The Cross of Jesus Christ in the Christian’s Life

The Cross
Image courtesy of Sira Anamwong /

Mark 8:34-38 
“When He had called the people to Himself, with His disciples also, He said to them, “Whoever desires to come after Me, let him deny himself, and take up his cross, and follow Me.  For whoever desires to save his life will lose it, but whoever loses his life for My sake and the gospel’s will save it.  For what will it profit a man if he gains the whole world, and loses his own soul?  Or what will a man give in exchange for his soul?   For whoever is ashamed of Me and My words in this adulterous and sinful generation, of him the Son of Man also will be ashamed when He comes in the glory of His Father with the holy angels.”  

Romans 6:7-14
“For he who has died has been freed from sin. Now if we died with Christ, we believe that we shall also live with Him, knowing that Christ, having been raised from the dead, dies no more. Death no longer has dominion over Him. For the death that He died, He died to sin once for all; but the life that He lives, He lives to God. Likewise you also, reckon yourselves to be dead indeed to sin, but alive to God in Christ Jesus our Lord. Therefore do not let sin reign in your mortal body, that you should obey it in its lusts. And do not present your members as instruments of unrighteousness to sin, but present yourselves to God as being alive from the dead, and your members as instruments of righteousness to God. For sin shall not have dominion over you, for you are not under law but under grace.” (NKJV)
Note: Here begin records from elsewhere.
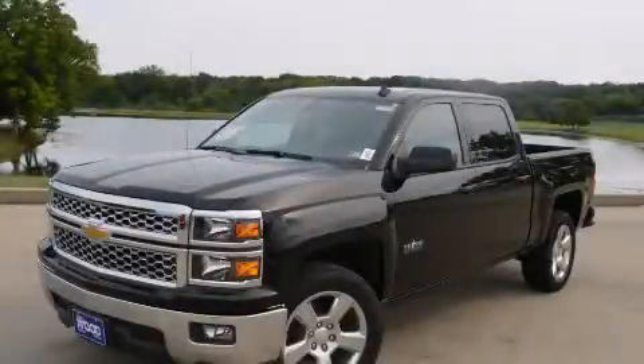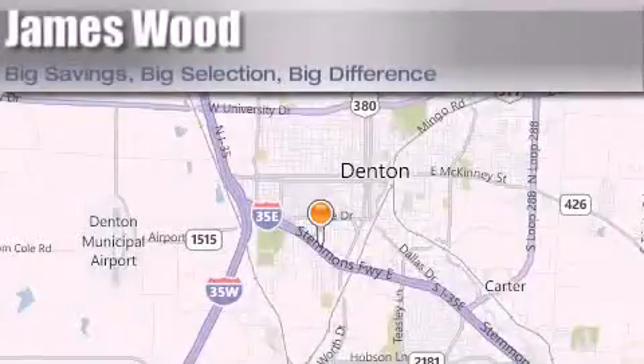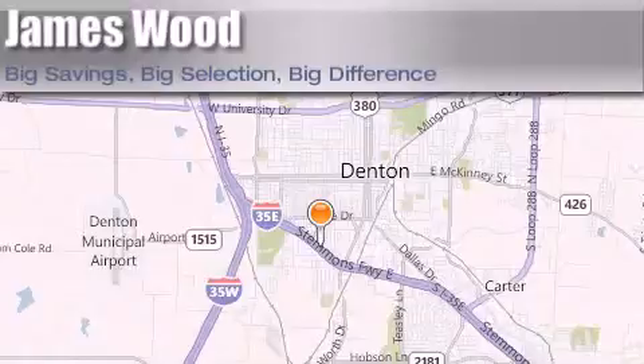We invite you to contact us today to learn more about this vehicle. James Wood Auto Park is located at 3906 Interstate 35E South in Denton. Our goal is to exceed all of your expectations to ensure that you'll return for future visits.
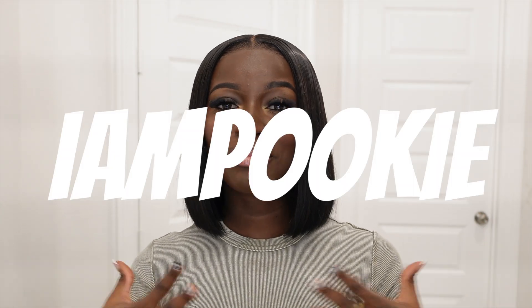Hey, my babies, welcome back to my channel. If you're new, I am Pookie. If you are returning, welcome back. Happy New Year's to each and every one of you guys. Thank you all for your support, your continued support. For my newbies, my new subscribers, my new babies, my new girlies, my new guys — welcome, welcome to my channel.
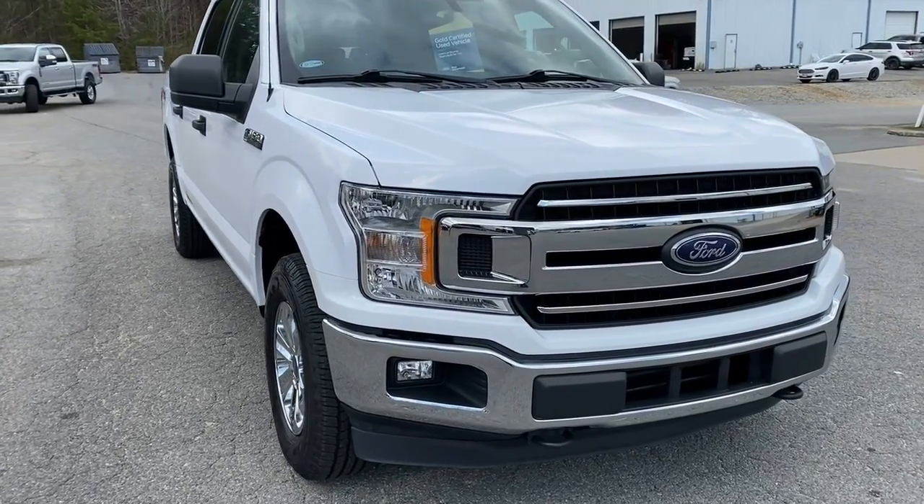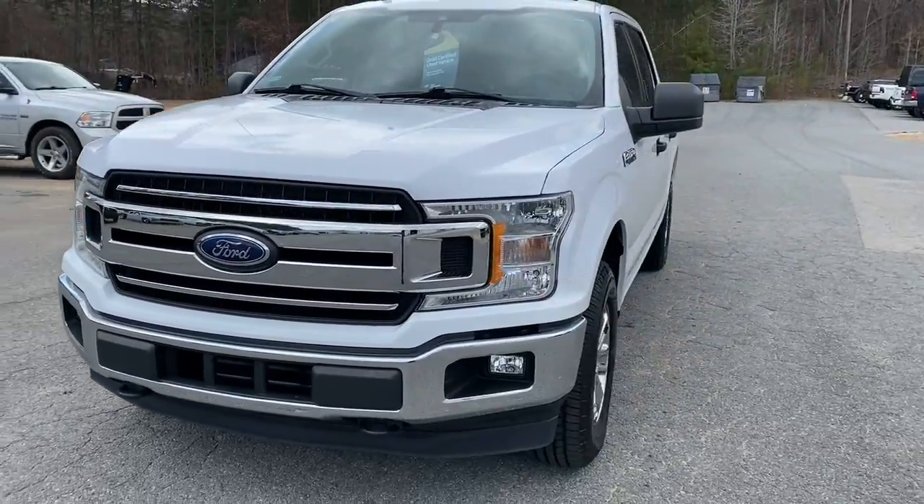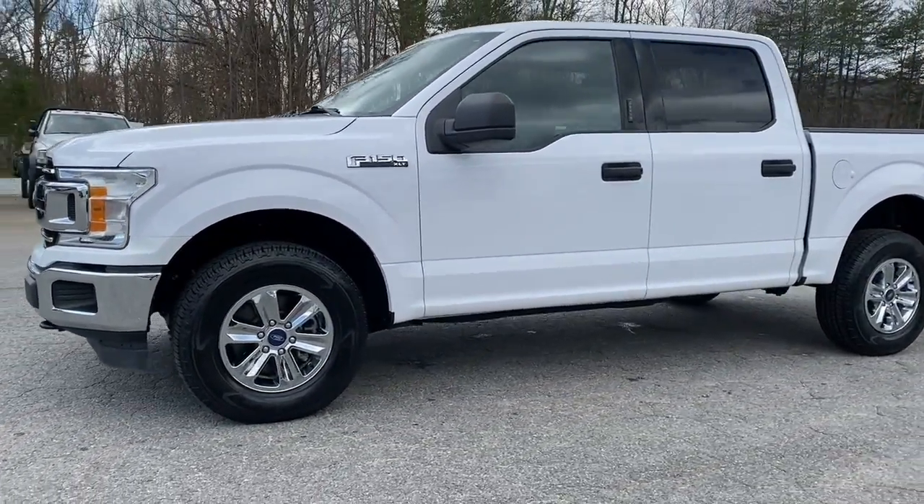This could be the car for you. The 2019 Ford F-150. With less than 50,000 miles on the odometer, this vehicle provides excellent value.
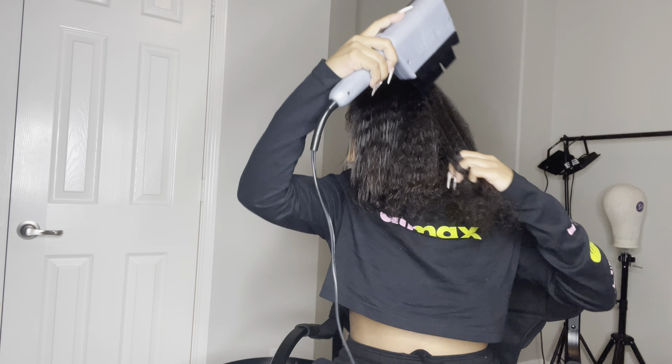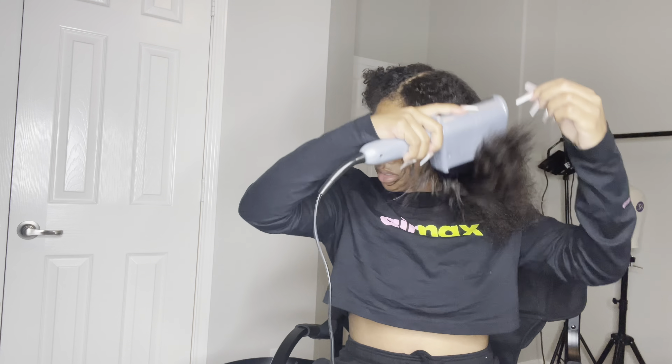Hi my beauty babies, welcome back to my channel! Thanks for tuning in. Today I'm gonna be showing y'all what I'm going to be doing to my hair — well, actually what my cousin is going to be doing. I'm just going to be blow drying it and making sure it's straight enough to braid, because my cousin is going to be doing a wig install on me. Stay tuned for the transition.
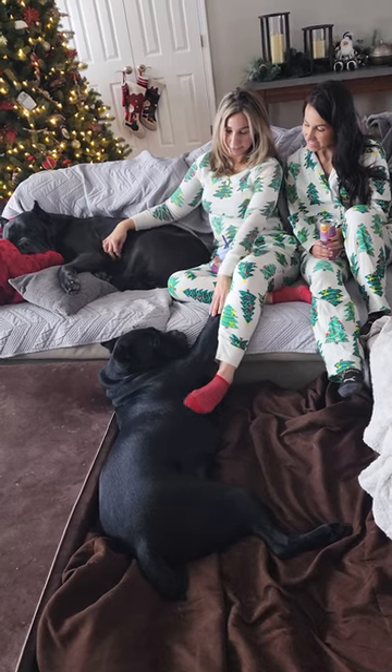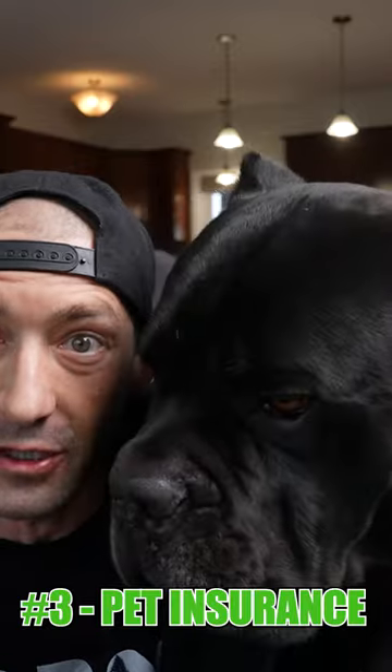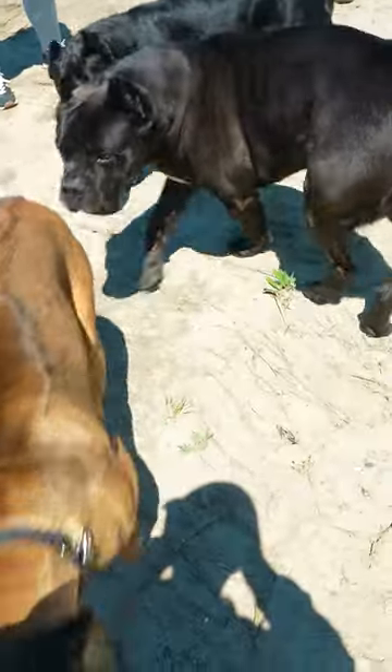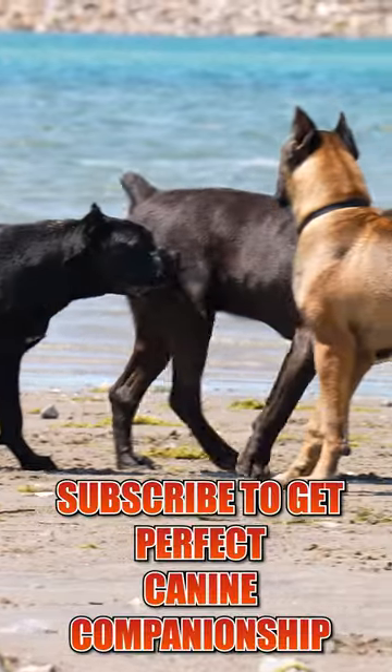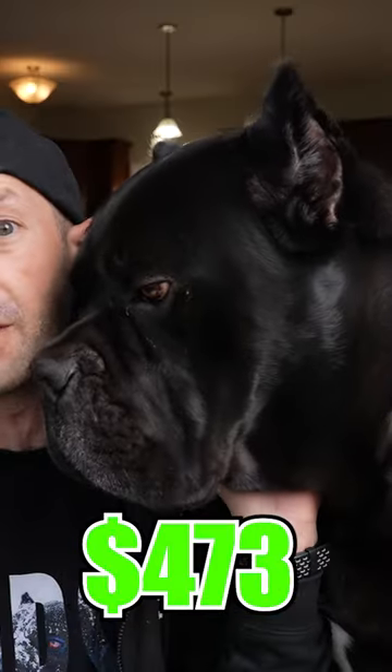Number three — and I'm sure a lot of you are going to argue, 'Hey Jason, that's not an essential cost' — is pet insurance. We're going to average this out to $150 a month. Averaging it all out, the total cost of owning a Cane Corso every single month is $473.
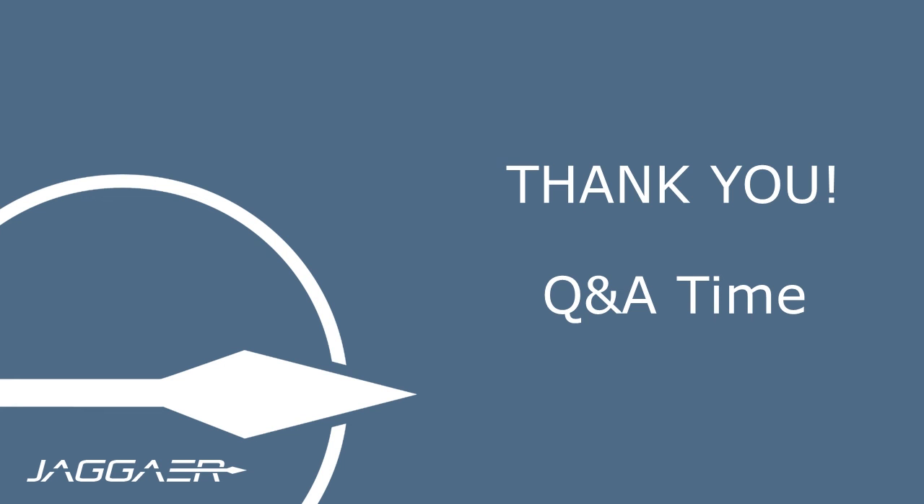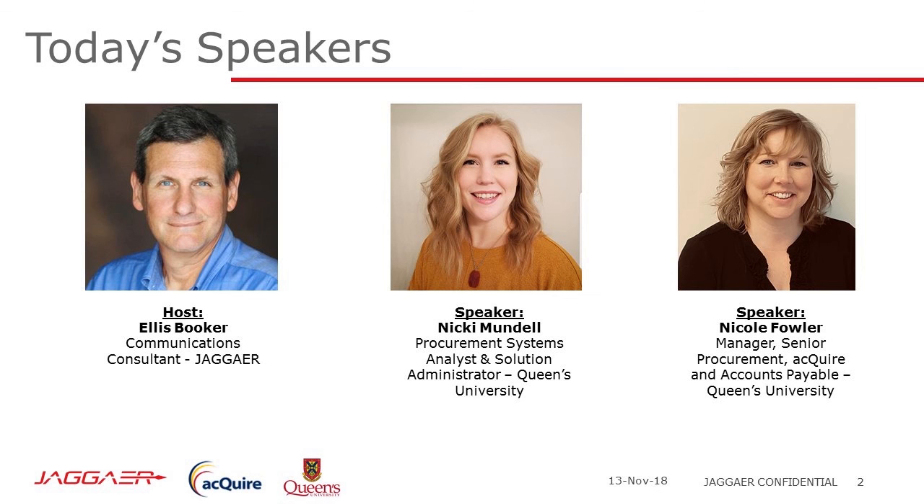That's unfortunately going to be the last answer as we've run out of time. I'd like to thank Nicole and Nikki for being our guests on this edition of Jagger Inside Spend. Have a great day. Thank you so much, Ellis.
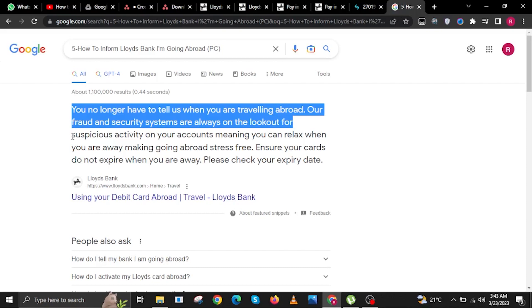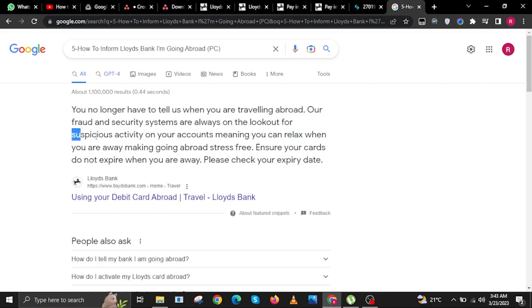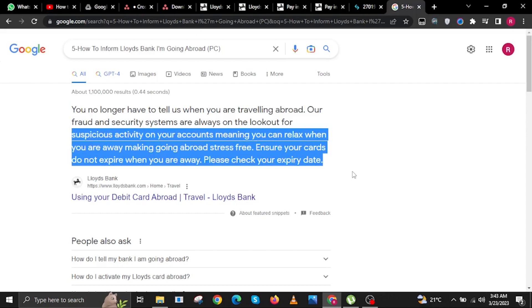You no longer have to tell us when you are traveling abroad. Our fraud and security systems are always on the lookout for suspicious activity on your accounts, meaning you can relax when you are away, making going abroad stress-free.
The geographical heart of London is Charing Cross. All distances are measured from this landmark which is simply referred to as “the Cross”. A small boy, lost in the London fog, was unable to find his way home even with the help of a police man. Finally, he said, “if you will take me to the Cross, I think I can find my way home from there.”

The Cross of Christ is the unifying symbol of Christianity. Jesus was spat upon, whipped, slapped, mocked, subjected to the strain of six illegal and mock trials, and subjected to the burden of a very heavy wooden Cross. Finally, He suffered the horrible death on the Cross. Praise God for the crucifixion of Christ! 

Jesus taught however, that there is more to the Cross than His crucifixion. The other half of the Cross is the crucifixion of self in the life of the Christian (Mark 8:34-38). Jesus put it this way: “Whosoever will come after Me, let him deny himself and take up his cross, and follow Me.”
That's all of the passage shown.